→ Directions for this task: Could you return every record below word for word, leaving out the pictures?
--- Given data ---
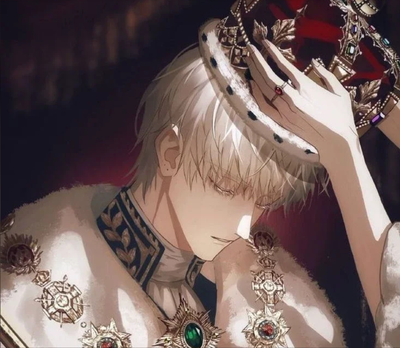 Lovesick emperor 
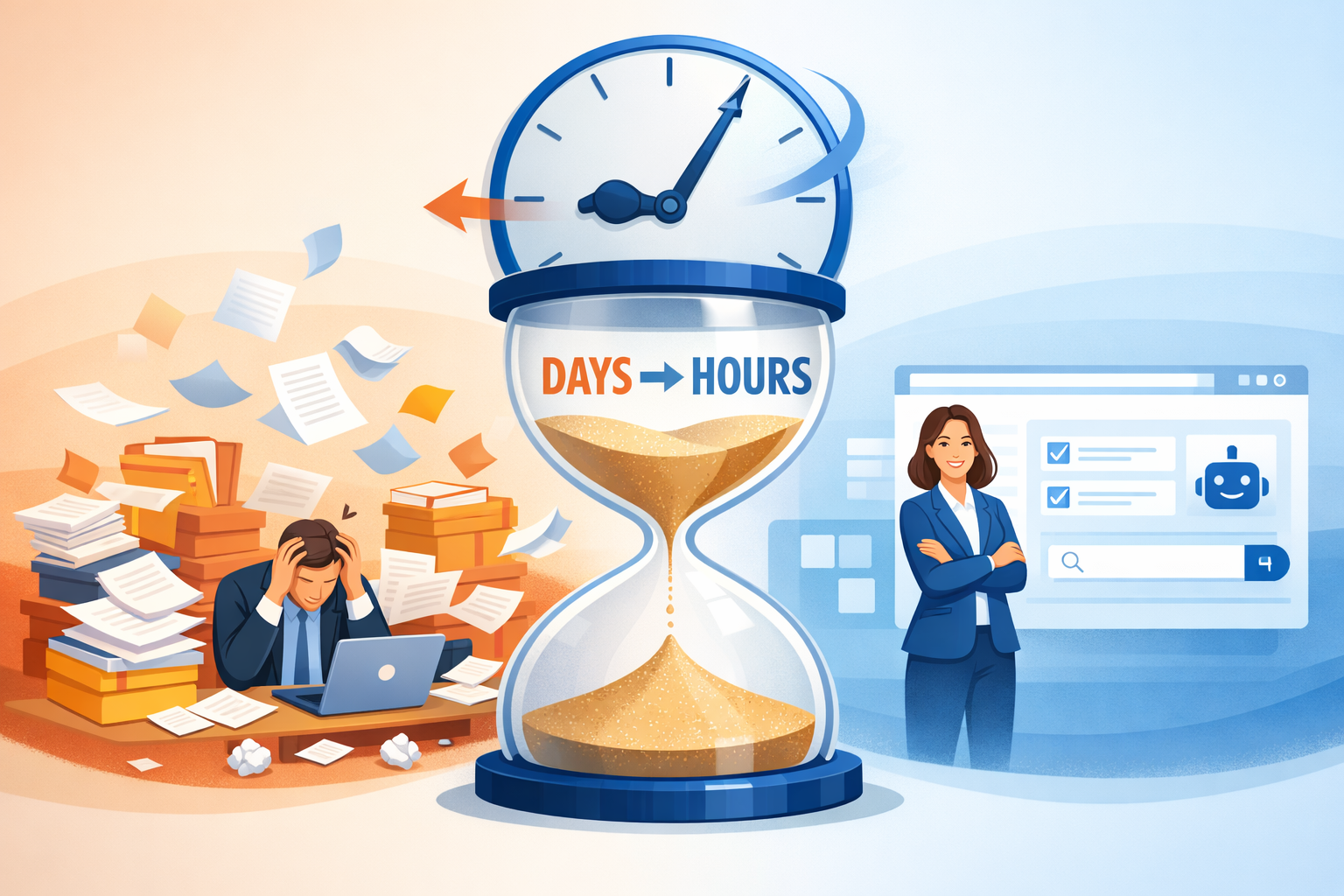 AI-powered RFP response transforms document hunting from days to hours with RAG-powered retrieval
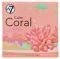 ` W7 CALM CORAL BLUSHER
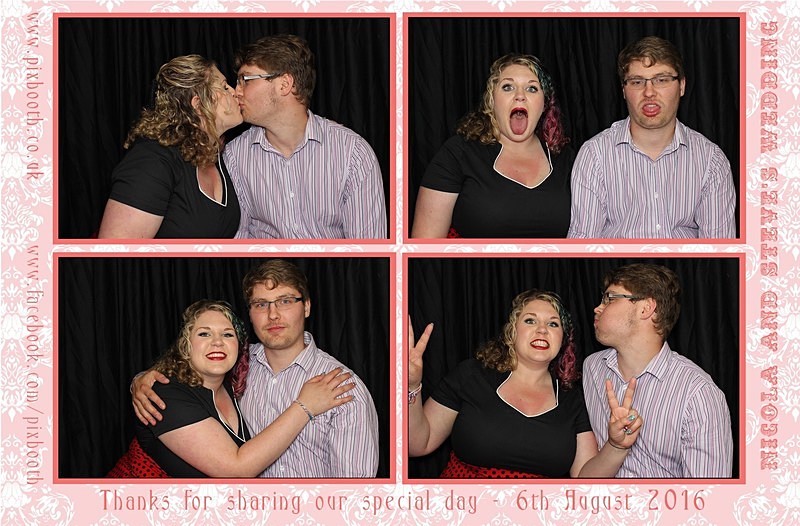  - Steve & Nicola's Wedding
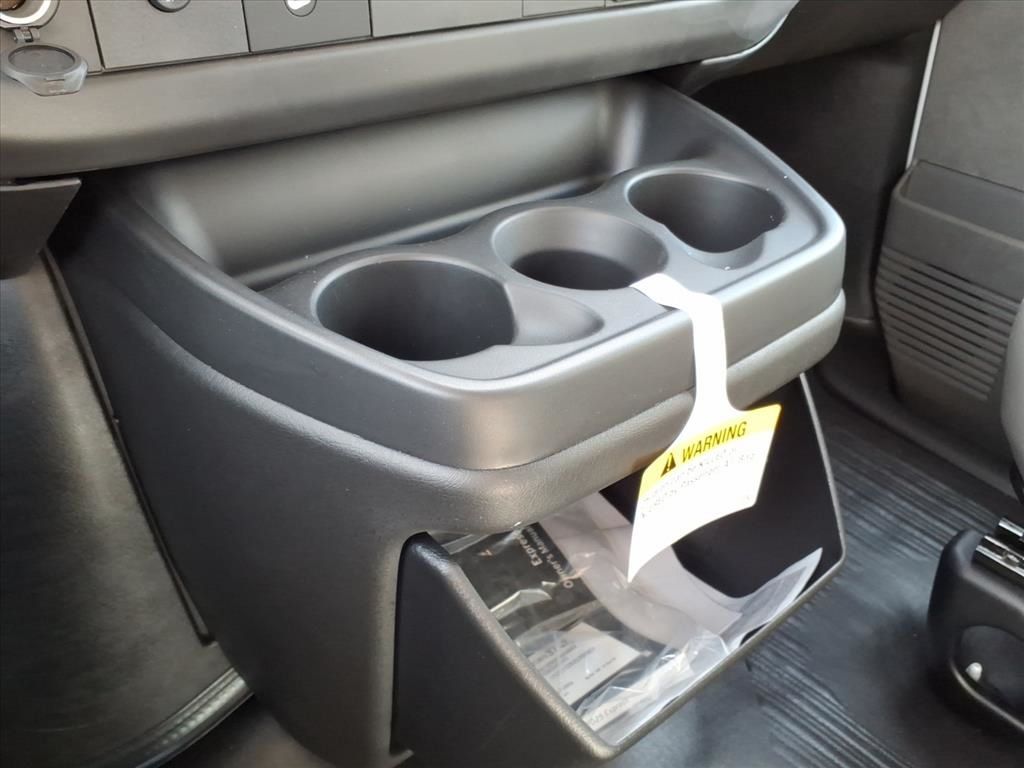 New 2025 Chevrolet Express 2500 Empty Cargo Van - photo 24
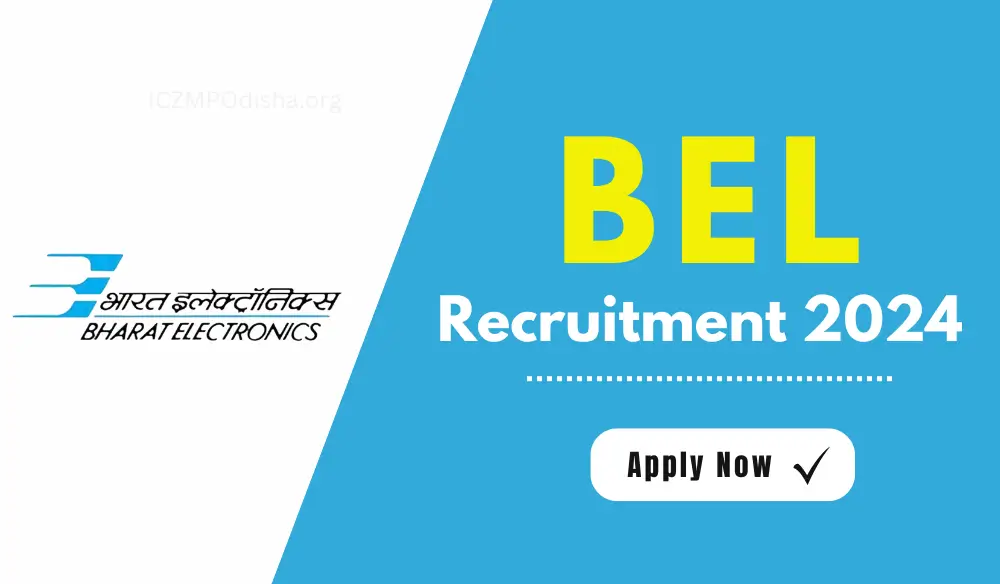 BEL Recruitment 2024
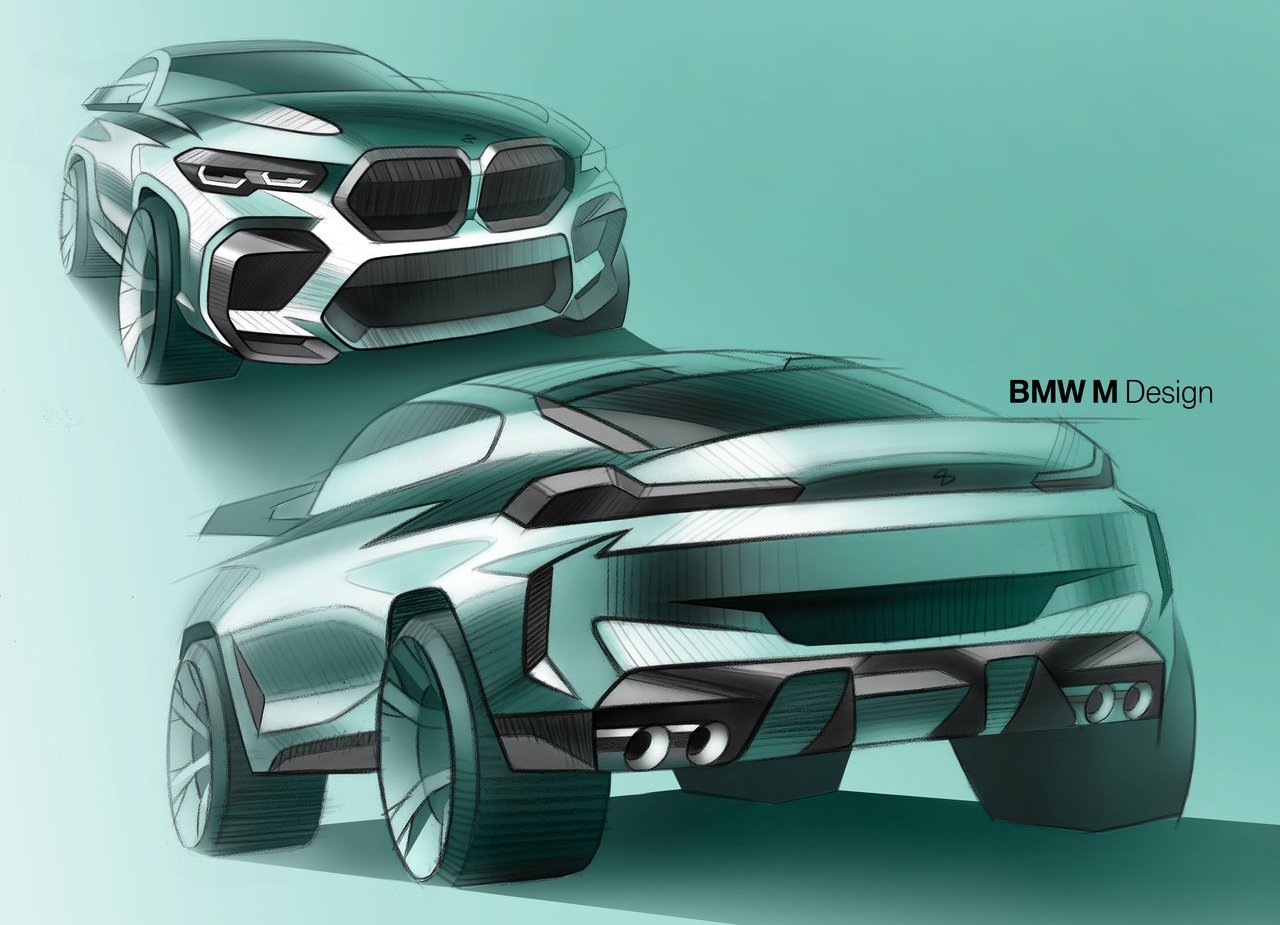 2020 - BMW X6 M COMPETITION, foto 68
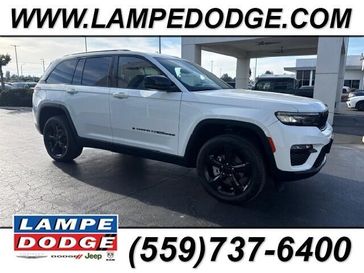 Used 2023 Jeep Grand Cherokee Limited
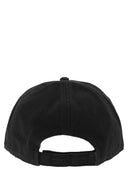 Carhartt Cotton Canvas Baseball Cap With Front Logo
---
→ Result of this task:
 Lovesick emperor 
 AI-powered RFP response transforms document hunting from days to hours with RAG-powered retrieval
 ` W7 CALM CORAL BLUSHER
  - Steve & Nicola's Wedding
 New 2025 Chevrolet Express 2500 Empty Cargo Van - photo 24
 BEL Recruitment 2024
 2020 - BMW X6 M COMPETITION, foto 68
 Used 2023 Jeep Grand Cherokee Limited
 Carhartt Cotton Canvas Baseball Cap With Front Logo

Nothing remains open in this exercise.